Roger Hood and Carolyn Hoyle’s 'The Death Penalty: A Worldwide Perspective' (OUP, 2015) provides legal and social scientific analysis of the movement towards global abolition of the death penalty and of its administration in retentionist countries. It presents data on developments relating to the death penalty from all over the world, including new publications, empirical research, debates, international law developments, official reports, and news reports.
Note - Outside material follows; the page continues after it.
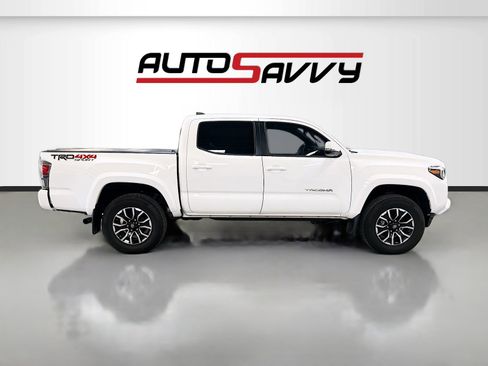 Used 2020 Toyota Tacoma TRD Sport w/ TRD Premium Sport Package AWD/4WD image 8
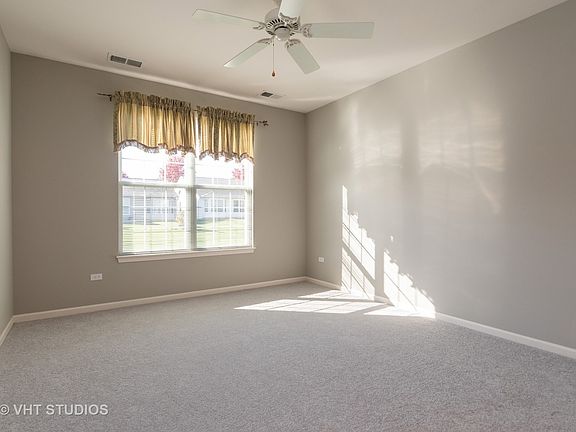 4th image of 215 Prideland Dr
It began life in 1988 as a Report to the United Nations Committee on Crime Prevention and Control. This was commissioned following a resolution of the Economic and Social Council of the United Nations (ECOSOC), which had called for ‘a study of the question of the death penalty and new contributions of the criminal sciences in the matter’. The Report reviewed the extent to which the ECOSOC ‘Safeguards Guaranteeing Protection of the Rights of those Facing the Death Penalty’ (that had been promulgated in 1984) were being implemented around the world. Following publication of the Report, ECOSOC strengthened the Safeguards by adding four more injunctions.

In 1996, the second edition was published by Oxford University Press, based in part on replies to the UN’s Fifth Quinquennial Survey on the death penalty, which Roger Hood had been commissioned to analyse for the United Nations. Further editions drew on subsequent quinquennial surveys and on burgeoning information and research on the death penalty around the world. It is now in its fifth edition and has been translated into Spanish, Persian and Chinese. This work has had an impact on reforms in different jurisdictions (see the Impact Case study ‘The Death Penalty in China – the road to reform’), including, more recently, Malaysia.